Puzzling over that, I began to wonder if maybe I was on the verge of uncovering a blockbuster documentary. Could we be talking something approaching science fiction here? Making documentaries, you're always on the lookout for the unexpected, the fresh. So how about an organization that could obtain beautiful Caucasian babies seemingly at will, including peas-in-a-pod born a few months apart? I was already framing a pitch to David in my mind.
Anyway, the rest of the day, while I was busy battling my cold with antihistamines and lots of hot soup, I mounted a major phone inquiry just to make sure all the rules on adoption hadn't somehow changed when I wasn't looking. They hadn't. First off, to get a child in three or four months, you'd almost certainly have to go with foreign adoption. China was everybody's flavor of the month, because they favored older parents and also because the one-child-per-family policy there had ended up producing a wide-scale abandonment of girls (who were all those precious boys going to marry? I often found myself wondering). However, the shifting politics there made the process very unreliable. A few months? Don't even think about it.

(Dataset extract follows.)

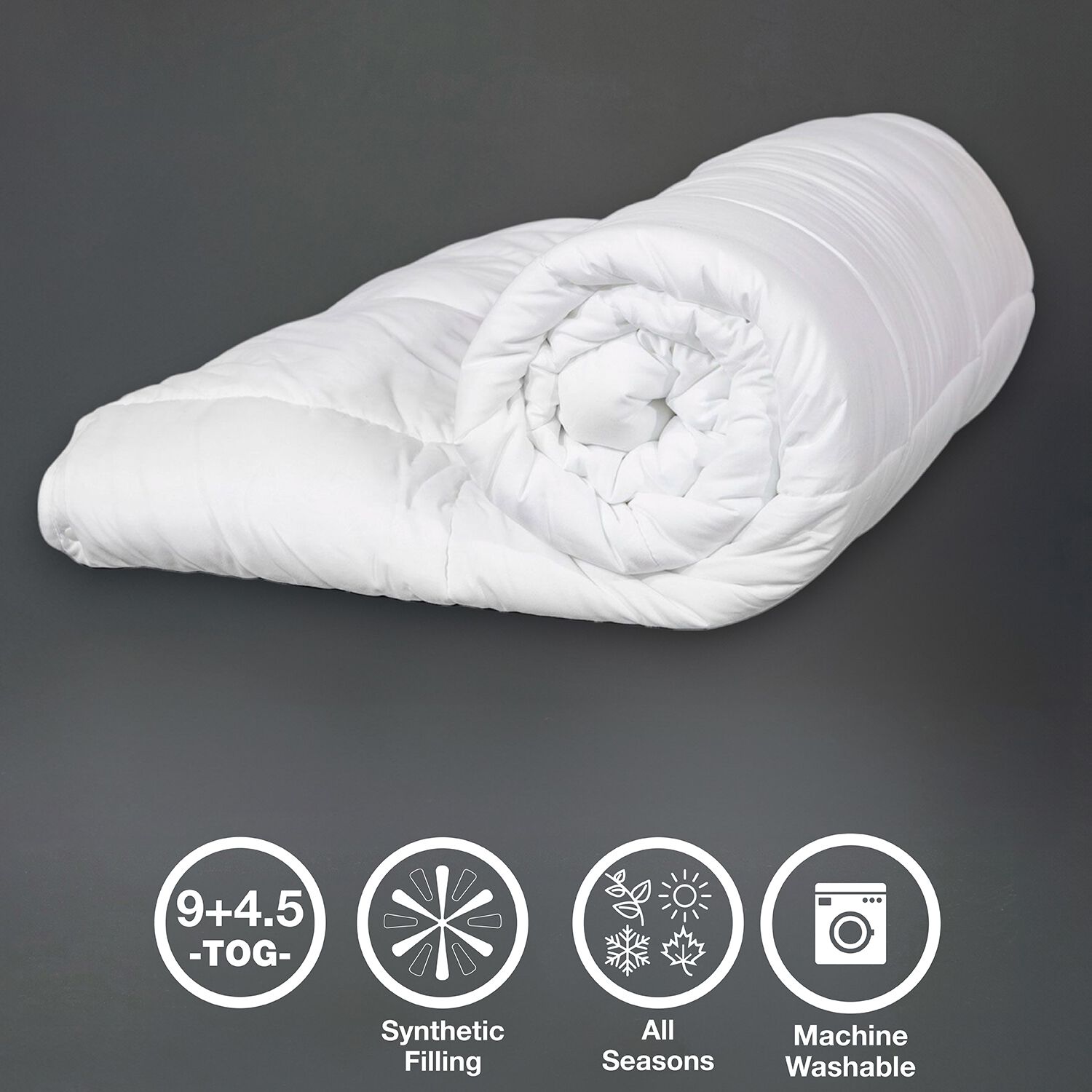 SINGLE FOUR SEASONS Duvet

Pressing on, I satisfied myself that the country-specific organizations that found babies in the emerging parts of the world all still worked the same. Cradle of Hope specialized in orphaned Russian kids. Children and Families, Inc., provided adoptions for Equadorian children. International Adoption Assistance, Inc., handled Brazilian orphans. But they all were still fussy, and they could take ages. How about a brand-new healthy baby in just a few months? I'd ask. Some kind of new fast track? The question was always taken as a joke. . . .
I would be driving up to Quetzal Manor in my old Toyota, and I dearly wished Steve could somehow materialize and be with me. In his absence, however, I convinced Lou to come along. I figured the change of scene would do him good, and I also wanted the security of having him with me, after the threatening phone call to Paula and the Hispanic thug who'd accosted me outside her apartment building. Besides, it'd just be a couple of hours.
The next morning, as we trekked up Riverside Drive, then the Henry Hudson Parkway, the sky was a flawless blue and the wide Hudson seemed like an ardent highway leading into the heart of America. Still in elevated spirits over Sarah's momentary brush with consciousness, Lou had noticeably less of a hangover than was usual most mornings. Maybe he was looking forward to a little mental R&R. For my own part, I felt my curiosity growing. I'd gone to a lot of appointments over the years, but rarely did I suspect the person I was going to see already knew more about me than I knew about them.
After we crossed the Henry Hudson Bridge, we left the highway and headed down a service road that led toward the river. Then there was an imposing gate, open, and a tree- shrouded driveway. Finally the place loomed in front of us.
The physical appearance of Quetzal Manor was a study in European grandeur, translated with a few extra frills from the New World. Carly had told me it had once been a Carmelite convent, dating from sometime in the middle of the last century, and it was a monument to Church authority, with endless arches of cut stone, turrets, gargoyles. As we were motoring to the end of the long cobblestone drive, I felt as if I was approaching some Gothic movie set. Given its hovering sense of regal authority, the place could easily have been a castle, but it seemed more like a brooding homage to medieval torture. Let me just say it was truly magisterial, yet also more than a little creepy.
As we parked under a huge oak tree in front, I surveyed the facade, trying to marshal my strength. Enough of my cold still lingered that I didn't feel as if my mind was working on all cylinders, and for a moment I merely sat looking, trying to breathe.
"Want me to go in with you?" Lou asked finally. He was examining the building suspiciously, like a detective surveying a crime scene.
I wanted him with me and then again I didn't. I longed for the company, a protector, but I didn't want the complications, more things to explain inside. Finally I made a snap decision.